▶ [Aim of the task]: Given the listing below, write out exactly the lines starting with the line that has "Insulated Electrical Terminals" and going on through the line that has "Pfaltzgraff USA Pasta", both kept.

▶ [Task inputs]:
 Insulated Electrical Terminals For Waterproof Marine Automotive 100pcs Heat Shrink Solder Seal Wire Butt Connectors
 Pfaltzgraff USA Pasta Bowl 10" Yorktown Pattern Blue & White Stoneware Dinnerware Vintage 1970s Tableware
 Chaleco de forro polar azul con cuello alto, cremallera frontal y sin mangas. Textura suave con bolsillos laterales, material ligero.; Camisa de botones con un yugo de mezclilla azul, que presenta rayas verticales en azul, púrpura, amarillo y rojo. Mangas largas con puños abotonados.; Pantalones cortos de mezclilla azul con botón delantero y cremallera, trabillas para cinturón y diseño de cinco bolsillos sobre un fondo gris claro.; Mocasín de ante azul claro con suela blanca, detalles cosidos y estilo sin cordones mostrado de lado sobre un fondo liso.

* * *

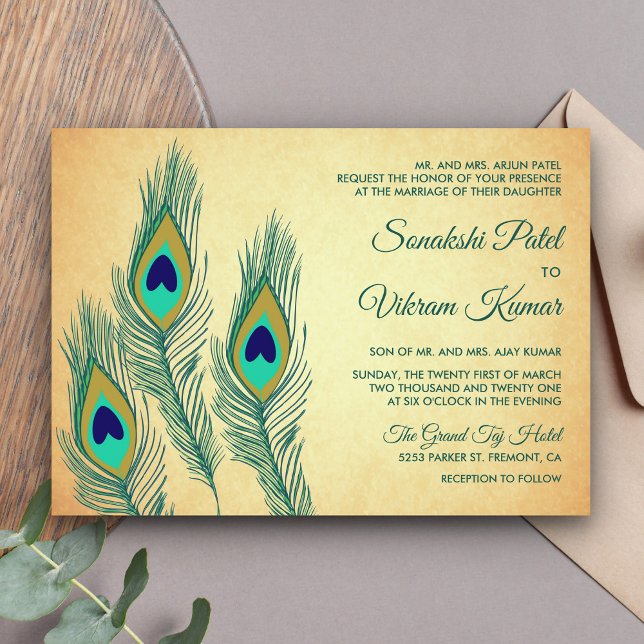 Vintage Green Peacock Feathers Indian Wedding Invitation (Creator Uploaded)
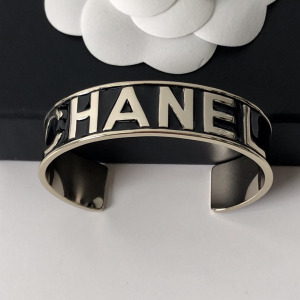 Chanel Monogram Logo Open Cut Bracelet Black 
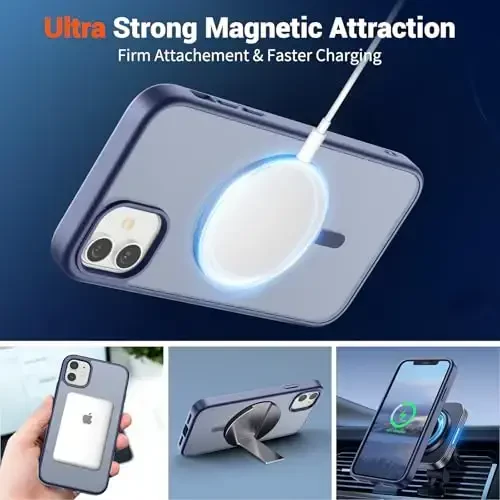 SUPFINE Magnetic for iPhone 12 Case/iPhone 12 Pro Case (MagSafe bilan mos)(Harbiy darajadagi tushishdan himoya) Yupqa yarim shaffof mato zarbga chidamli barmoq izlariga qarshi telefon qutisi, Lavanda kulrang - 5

▶ [Solution to this problem]:
 Insulated Electrical Terminals For Waterproof Marine Automotive 100pcs Heat Shrink Solder Seal Wire Butt Connectors
 Pfaltzgraff USA Pasta Bowl 10" Yorktown Pattern Blue & White Stoneware Dinnerware Vintage 1970s Tableware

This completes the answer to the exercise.